LISTED RECORDS
[Start of section]

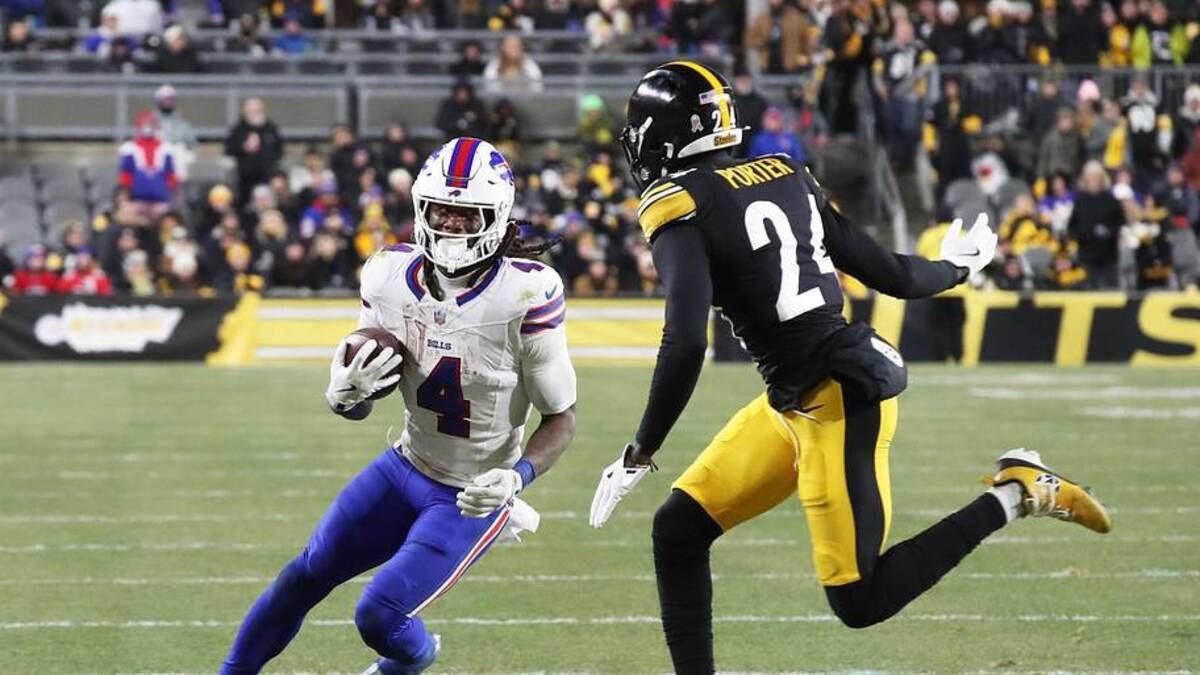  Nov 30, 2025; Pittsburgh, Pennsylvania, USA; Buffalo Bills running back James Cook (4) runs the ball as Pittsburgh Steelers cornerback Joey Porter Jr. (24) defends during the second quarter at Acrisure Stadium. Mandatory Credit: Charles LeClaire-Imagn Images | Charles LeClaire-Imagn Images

[End of section]
[Start of section]

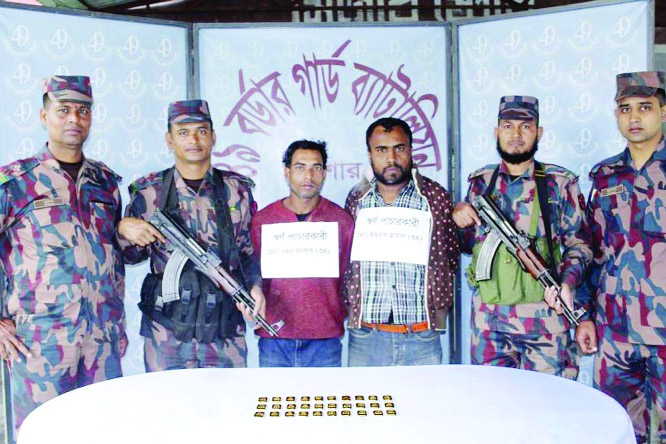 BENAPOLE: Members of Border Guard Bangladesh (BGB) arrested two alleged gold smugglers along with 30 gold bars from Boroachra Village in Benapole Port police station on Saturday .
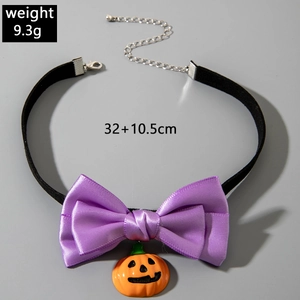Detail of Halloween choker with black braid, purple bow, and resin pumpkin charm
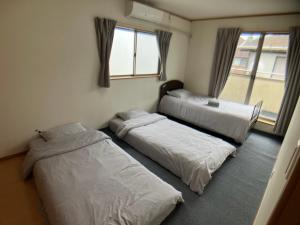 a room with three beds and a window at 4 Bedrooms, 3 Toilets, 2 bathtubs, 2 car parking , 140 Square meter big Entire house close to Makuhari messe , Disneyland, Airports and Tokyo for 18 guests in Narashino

[End of section]

HOW TO COMPLETE THIS TASK
In the data above, find the line containing "BENAPOLE: Members of" and the line containing "a room with". Repeat those two lines and everything between them exactly, minus the pictures.

ANSWER BELOW
 BENAPOLE: Members of Border Guard Bangladesh (BGB) arrested two alleged gold smugglers along with 30 gold bars from Boroachra Village in Benapole Port police station on Saturday .
Detail of Halloween choker with black braid, purple bow, and resin pumpkin charm
 a room with three beds and a window at 4 Bedrooms, 3 Toilets, 2 bathtubs, 2 car parking , 140 Square meter big Entire house close to Makuhari messe , Disneyland, Airports and Tokyo for 18 guests in Narashino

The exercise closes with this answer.